◆ **Task requirements**: Word for word and without images, transcribe all of the records.

(Image-text web data)

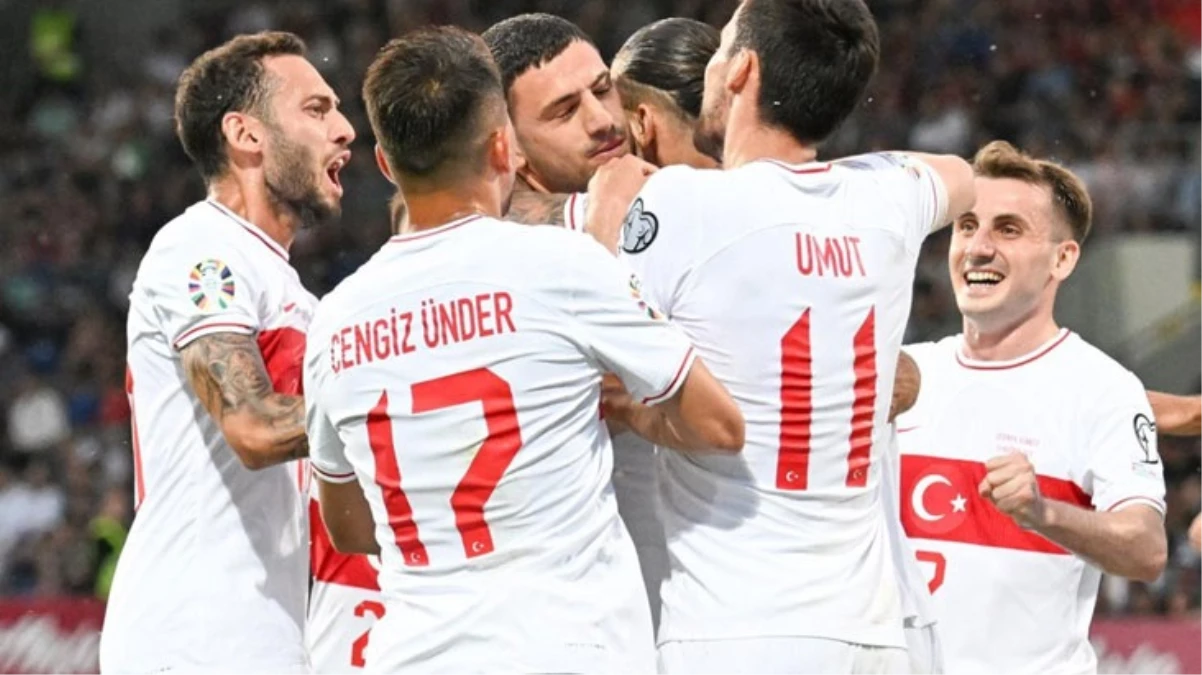 Kadrodan çıkarıldılar İki oyuncu A Milli Takım kampından ayrıldı - Spor - Dudullu Haber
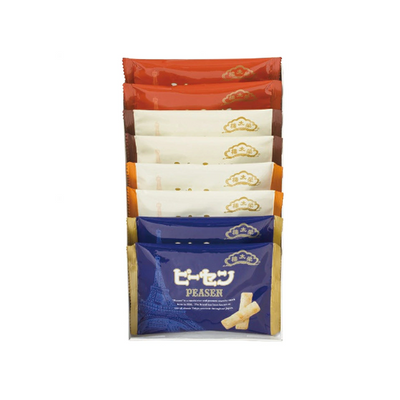 Eitaro Confectionery Peasen Peanut Rice Crackers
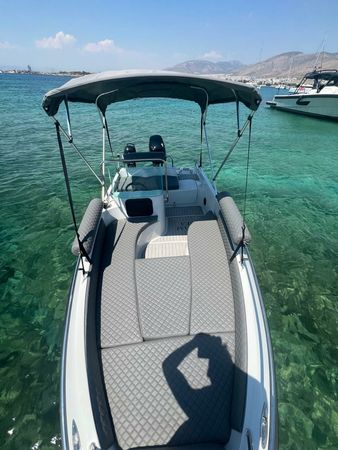 Isatek 495 Cobra | Voyager 1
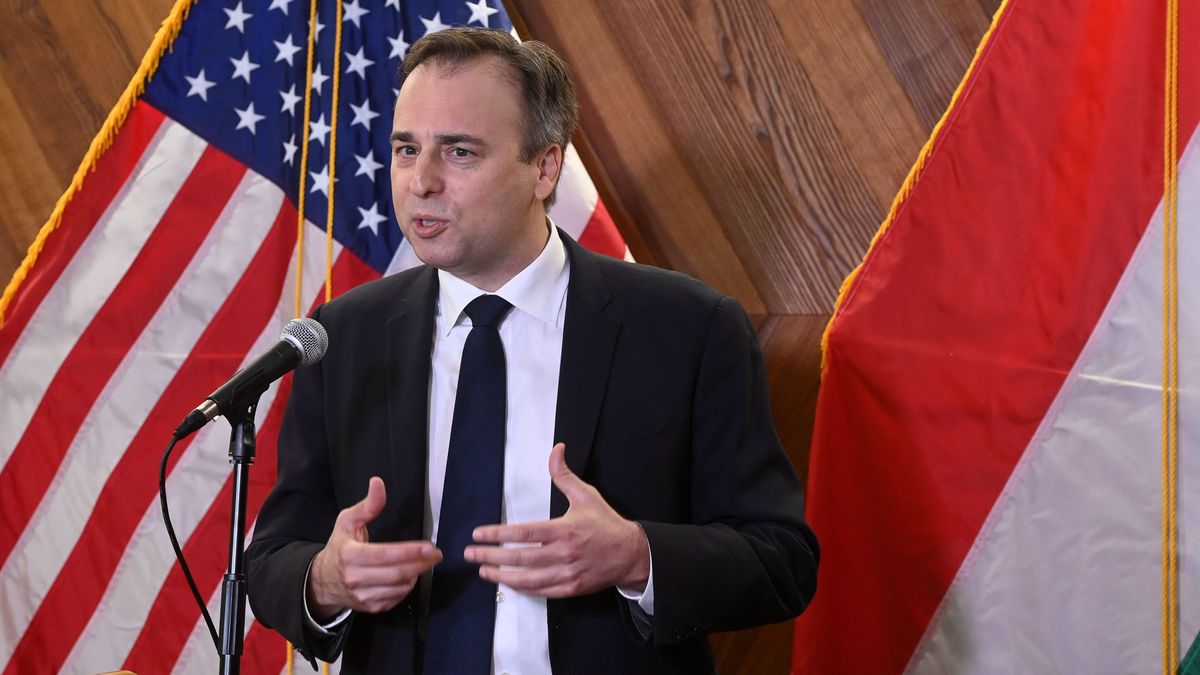 Magyar's American-Style Campaign Spectacularly Bolstered by US Embassy's Celebrities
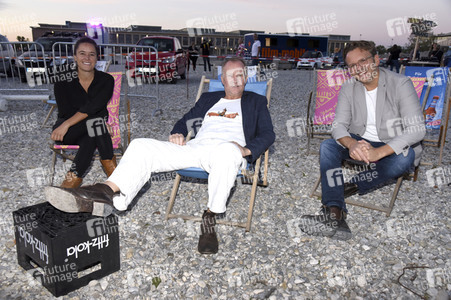 Filmpremiere 'Gutterbee', Filmfest München Pop-Up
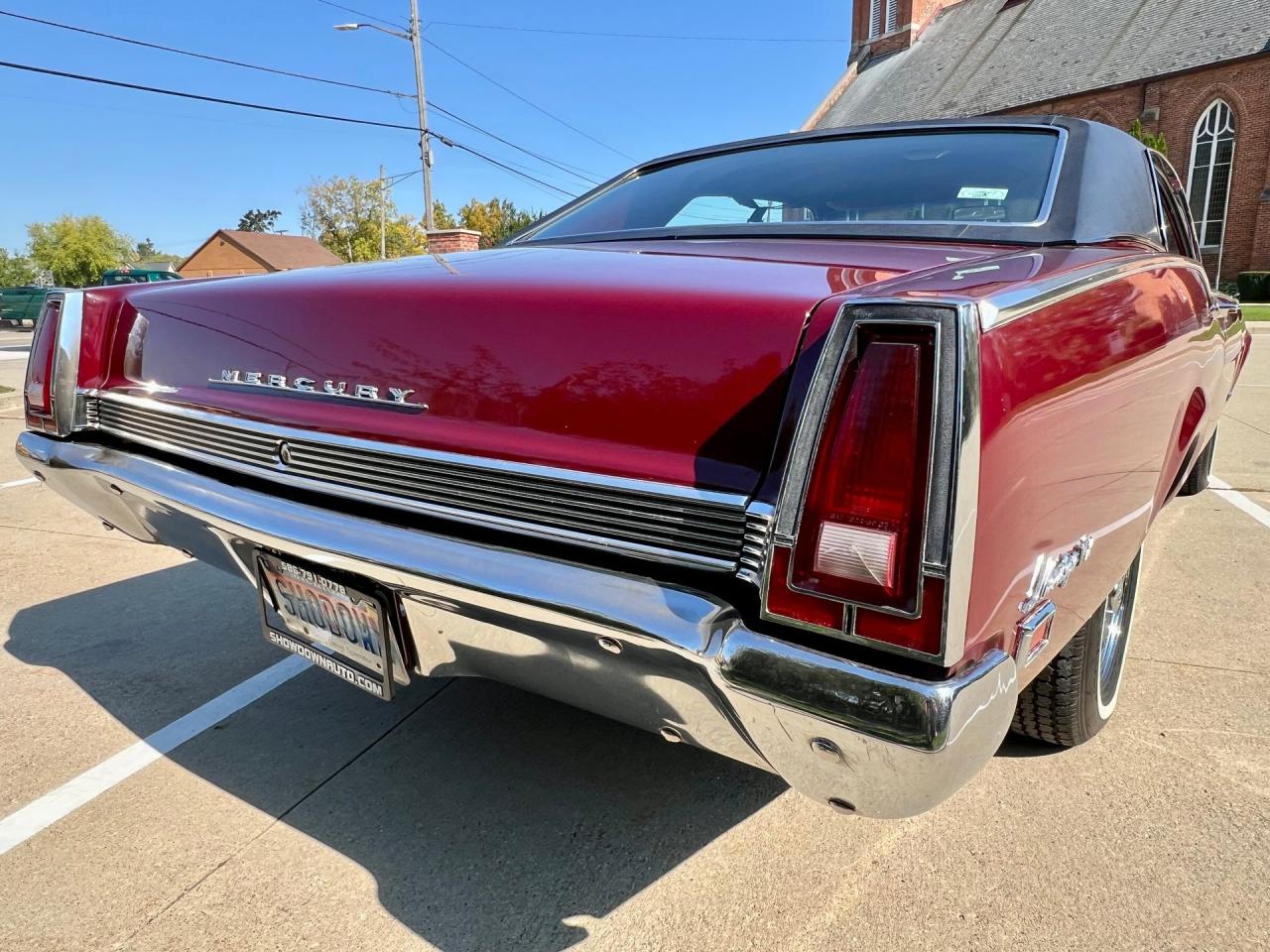 1969 Mercury Montego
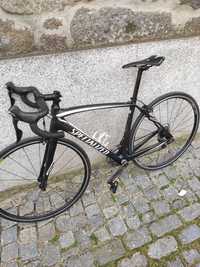Specialized Roubaix carbono Bicicleta de estrada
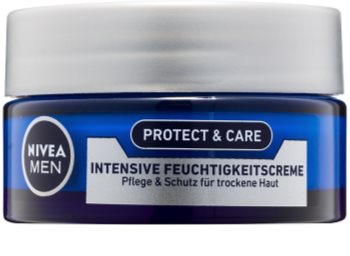 Nivea Men Protect & Care crema hidratante intensiva para pieles secas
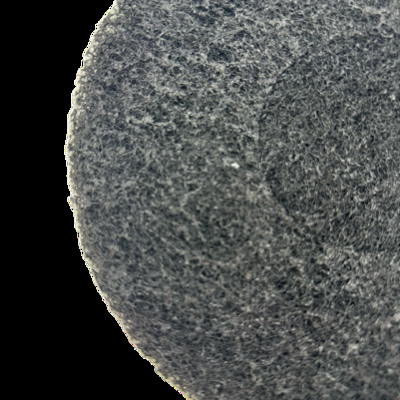 Nylon Buffing Pad Sponge 800gsm for Kitchen Cleaning 0.8-2cm Thick
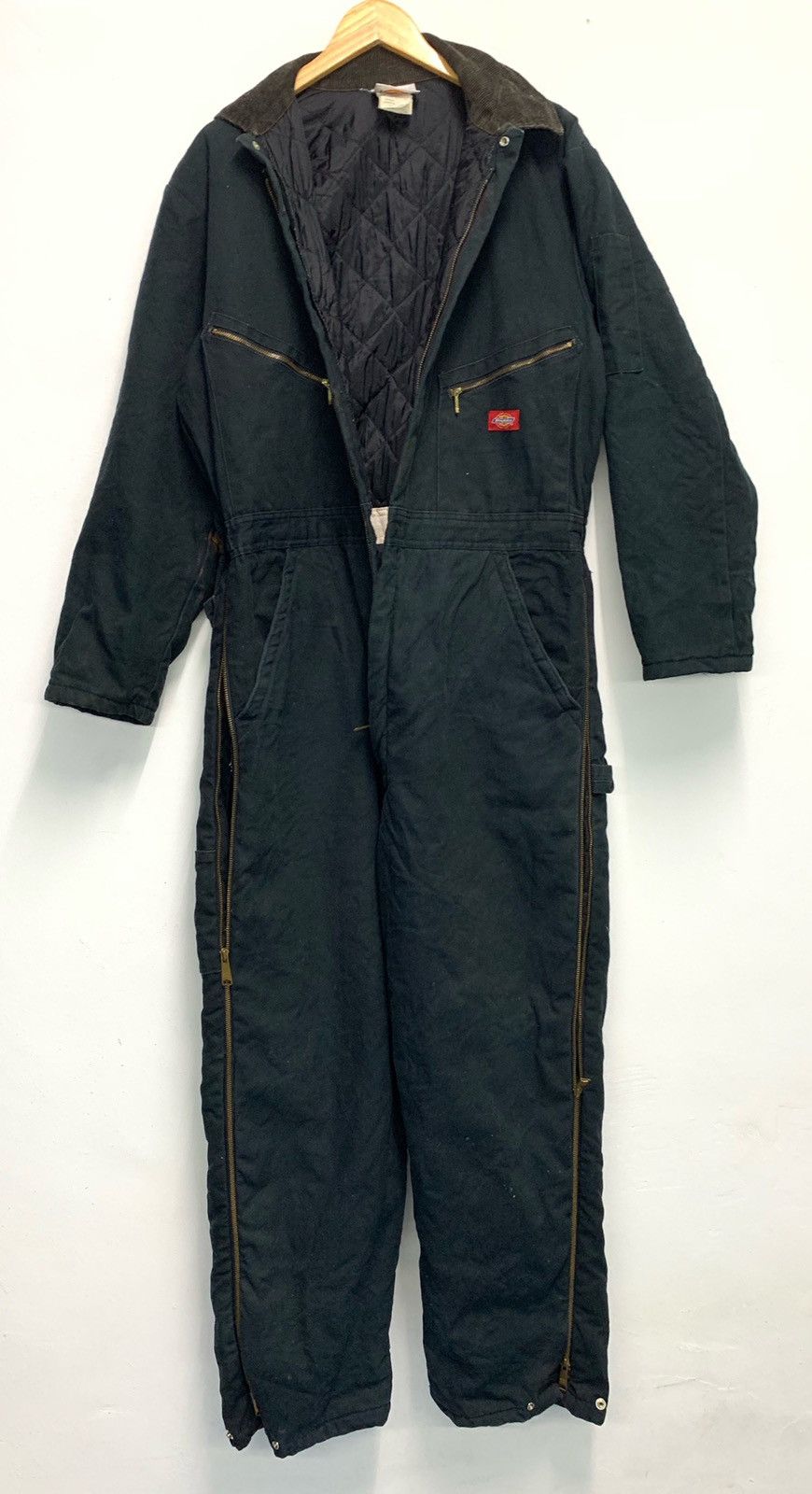 Dickies Dickies Worker Overalls Jumpsuits Oversized Size US 38 / EU 54 - 5 Thumbnail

◆ **Answer**:
 Kadrodan çıkarıldılar İki oyuncu A Milli Takım kampından ayrıldı - Spor - Dudullu Haber
 Eitaro Confectionery Peasen Peanut Rice Crackers
 Isatek 495 Cobra | Voyager 1
 Magyar's American-Style Campaign Spectacularly Bolstered by US Embassy's Celebrities
 Filmpremiere 'Gutterbee', Filmfest München Pop-Up
 1969 Mercury Montego
Specialized Roubaix carbono Bicicleta de estrada
 Nivea Men Protect & Care crema hidratante intensiva para pieles secas
 Nylon Buffing Pad Sponge 800gsm for Kitchen Cleaning 0.8-2cm Thick
 Dickies Dickies Worker Overalls Jumpsuits Oversized Size US 38 / EU 54 - 5 Thumbnail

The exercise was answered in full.